# What to produce:
Please reproduce the data exactly, excluding any pictures it contains.

# Information supplied:
* * *

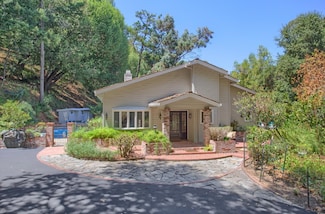 15701 Peach Hill Rd, Saratoga, CA 95070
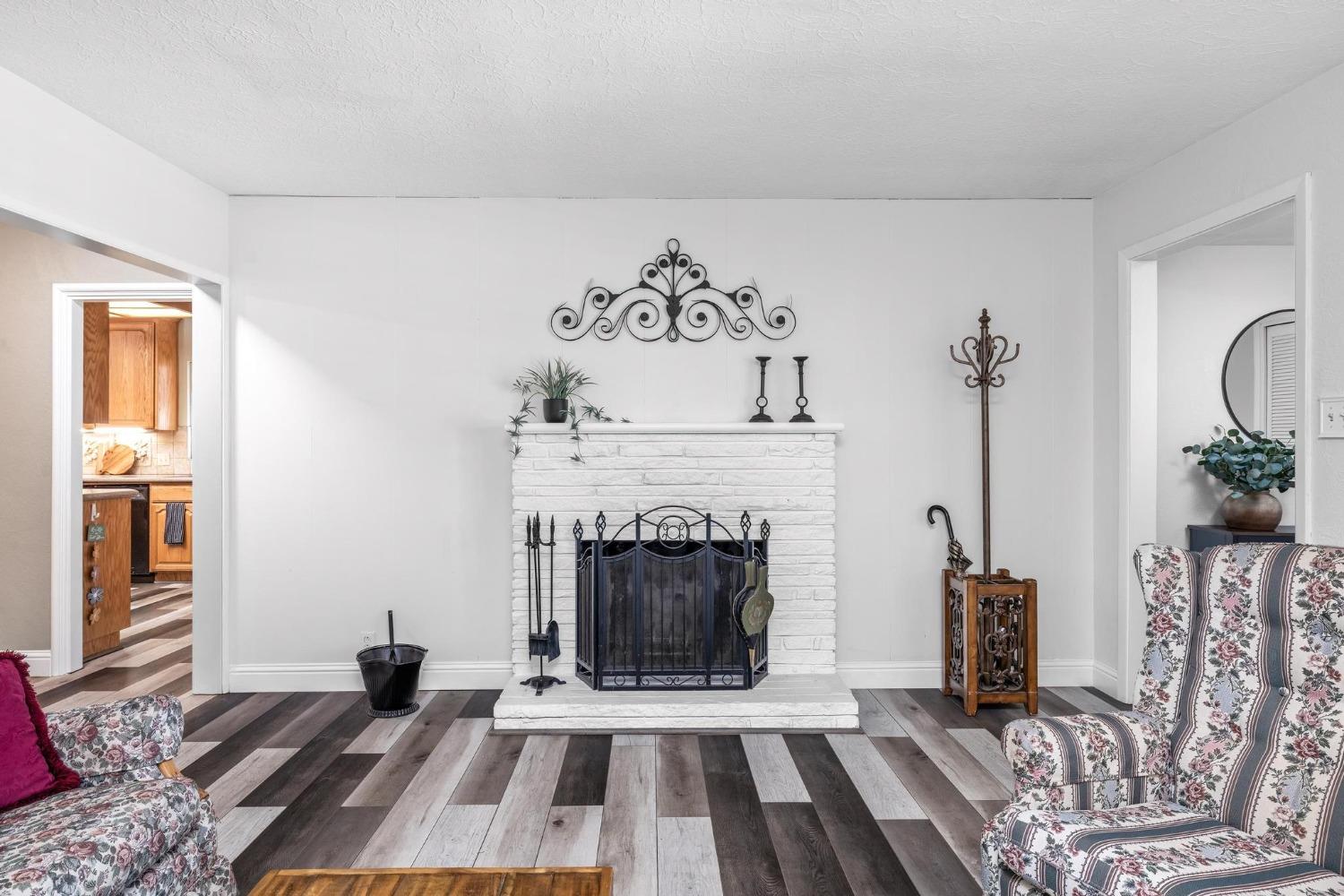 W Mendocino Avenue, Stockton, California image 9
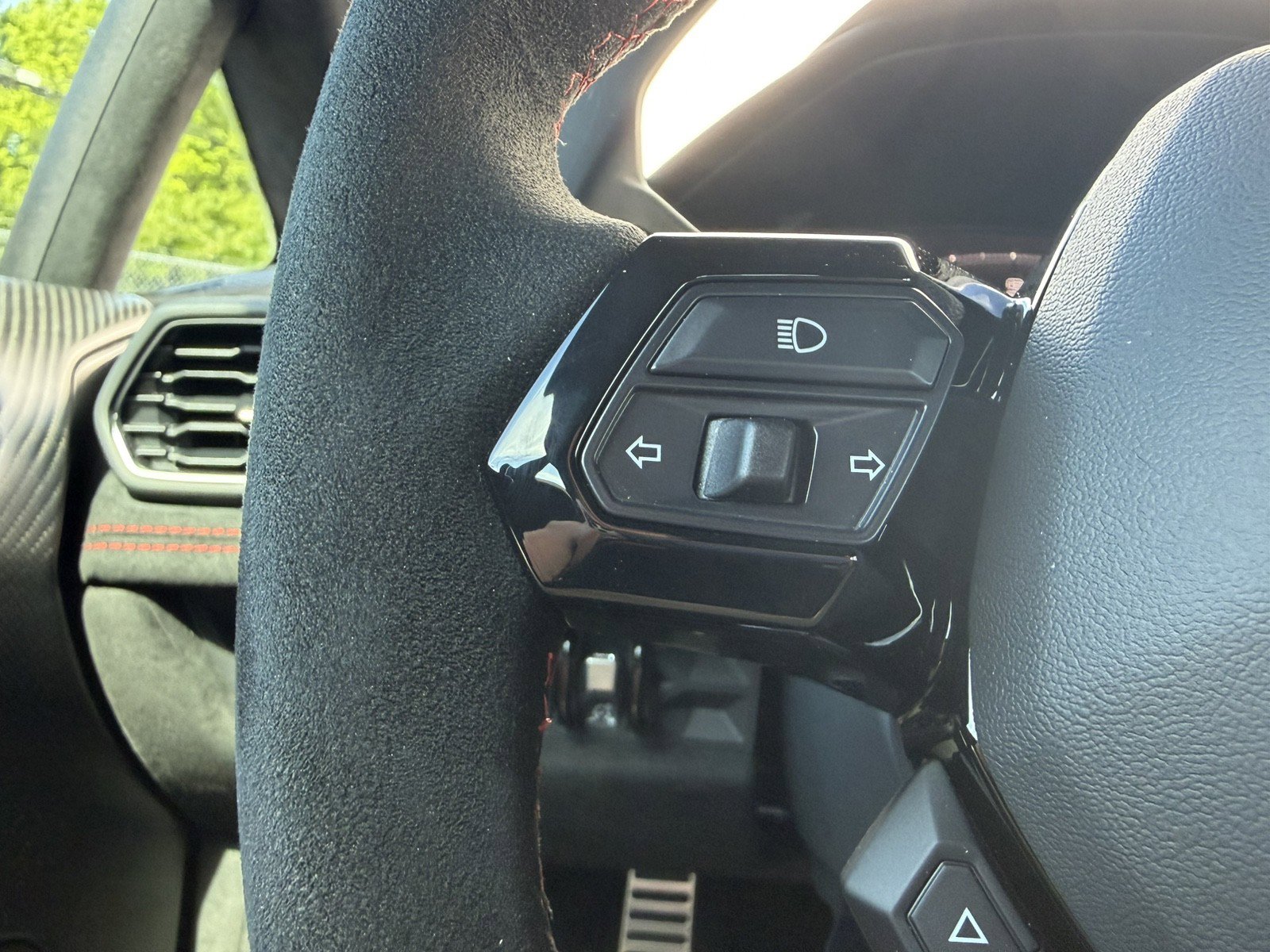 Used 2024 Lamborghini Huracan STO RWD image 27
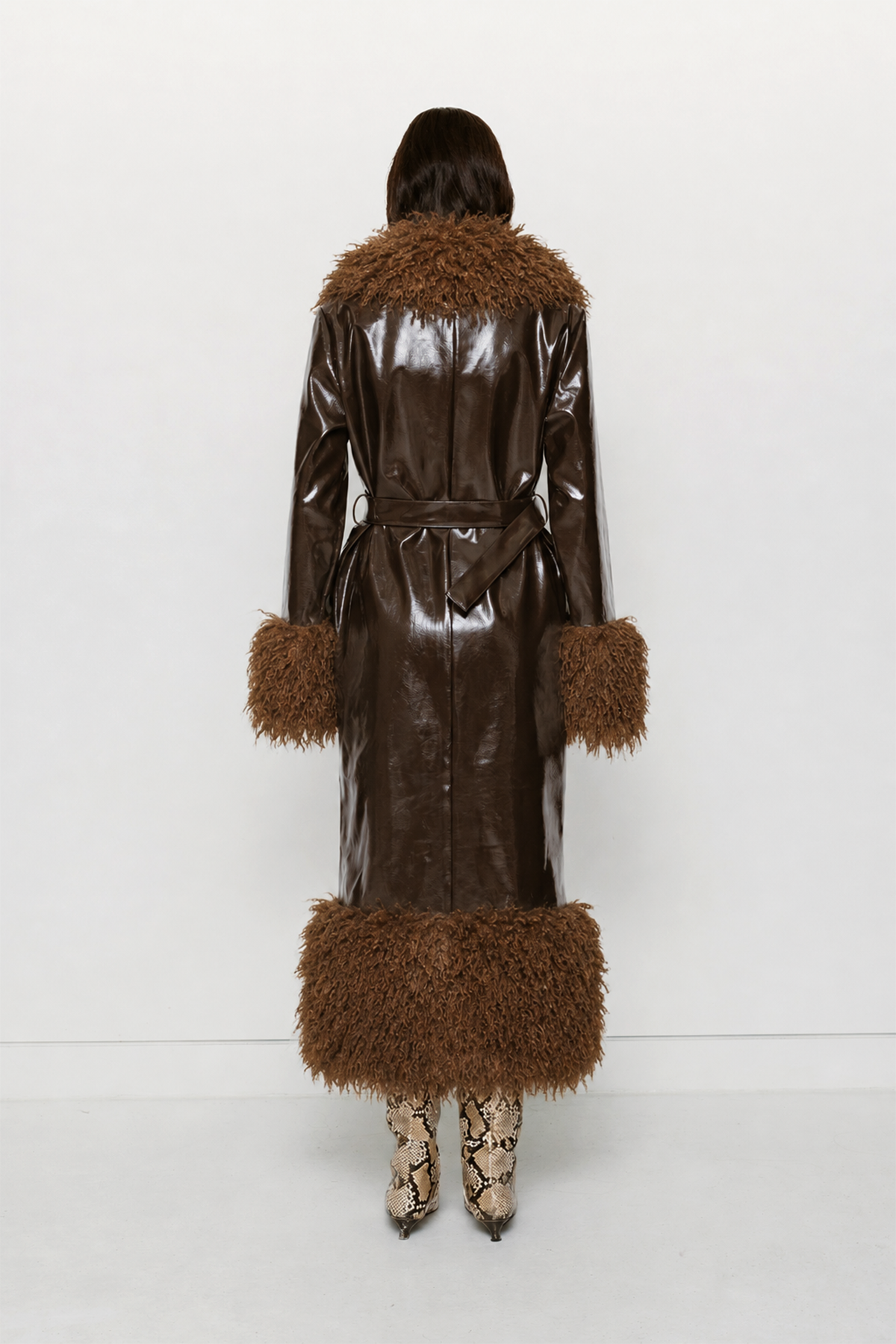 The Wolf Gang - Abrigo Coat in Chocolate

* * *

# Response below:
 15701 Peach Hill Rd, Saratoga, CA 95070
 W Mendocino Avenue, Stockton, California image 9
 Used 2024 Lamborghini Huracan STO RWD image 27
 The Wolf Gang - Abrigo Coat in Chocolate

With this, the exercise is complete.